# Possible to have (2) remotes paired to a hopper 3?



## GaryK (Jul 9, 2002)

I have (2) TV's connected to my hopper 3. A Projector with HDMI and a TV via component. When I go from room to room, I don't want to carry the remote with me. I would like to do (2) things. Unpair an existing remote and repair it to the Hopper.
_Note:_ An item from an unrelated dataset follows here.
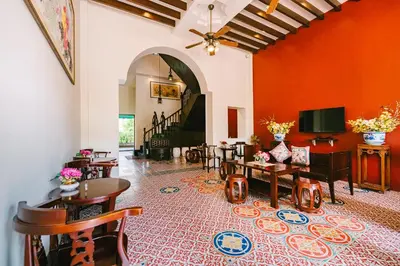 a living room with orange walls and tables and chairs at O'nya Phuket Hotel in Phuket Town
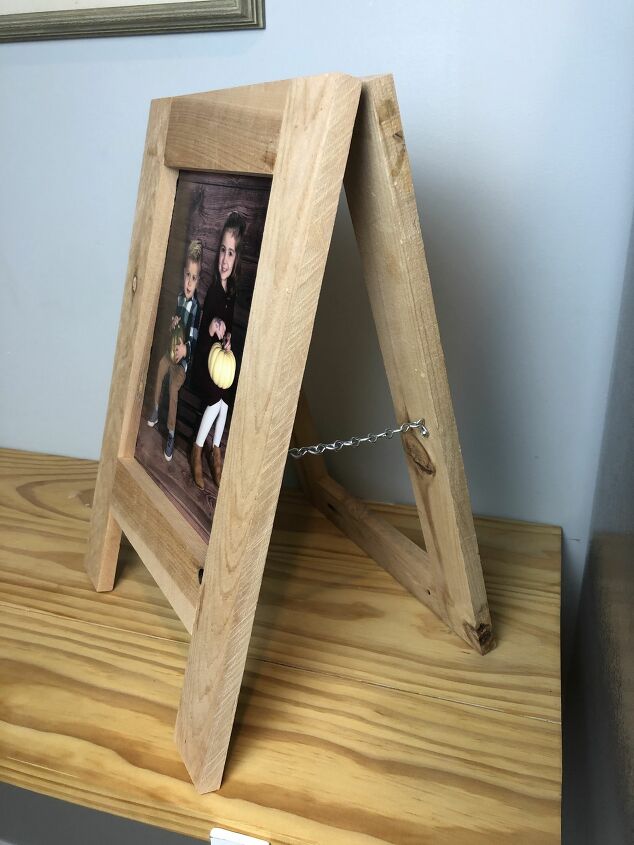 s 13 fun things you can do to show off your boxed up family photos, DIY a sandwich board style picture frame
I believe that it can only support one TV pass thru (volume) and that is OK. I want both remotes to be identical.

Is this possible? 
I was able to do this with my old 622 using an IR and a RF remote.


----------



## n0qcu (Mar 23, 2002)

You can pair up to 8 remotes to a H3


----------



## David p (Nov 3, 2018)

Yes as long as they are compatible with the hopper How to Program Remote to Receiver | MyDISH | DISH Customer Support
You can control the hopper with 2 remotes but you cant have 2 remotes programmed to control the TV portion using one hopper ... the hopper allows 1 remote to be used for TV volume and stuff ...


----------



## larryk (Aug 17, 2006)

David p said:


> Yes as long as they are compatible with the hopper How to Program Remote to Receiver | MyDISH | DISH Customer Support
> You can control the hopper with 2 remotes but you cant have 2 remotes programmed to control the TV portion using one hopper ... the hopper allows 1 remote to be used for TV volume and stuff ...


HUH!!
I have three remotes paired to my Hopper 3, and all three can control the volume...


----------



## David p (Nov 3, 2018)

Yes you control the same TV out of all three remotes which is fine ... as I understand the previous person wants to have 2 remotes programmed to the same hopper which is connected to 2 different connection and 2 different TVs


larryk said:


> HUH!!
> I have three remotes paired to my Hopper 3, and all three can control the volume...


----------



## n0qcu (Mar 23, 2002)

David p said:


> Yes you control the same TV out of all three remotes which is fine ... as I understand the previous person wants to have 2 remotes programmed to the same hopper which is connected to 2 different connection and 2 different TVs


Which works perfectly fine.
I have more than 4 remotes controlling 4 TVs perfectly.


----------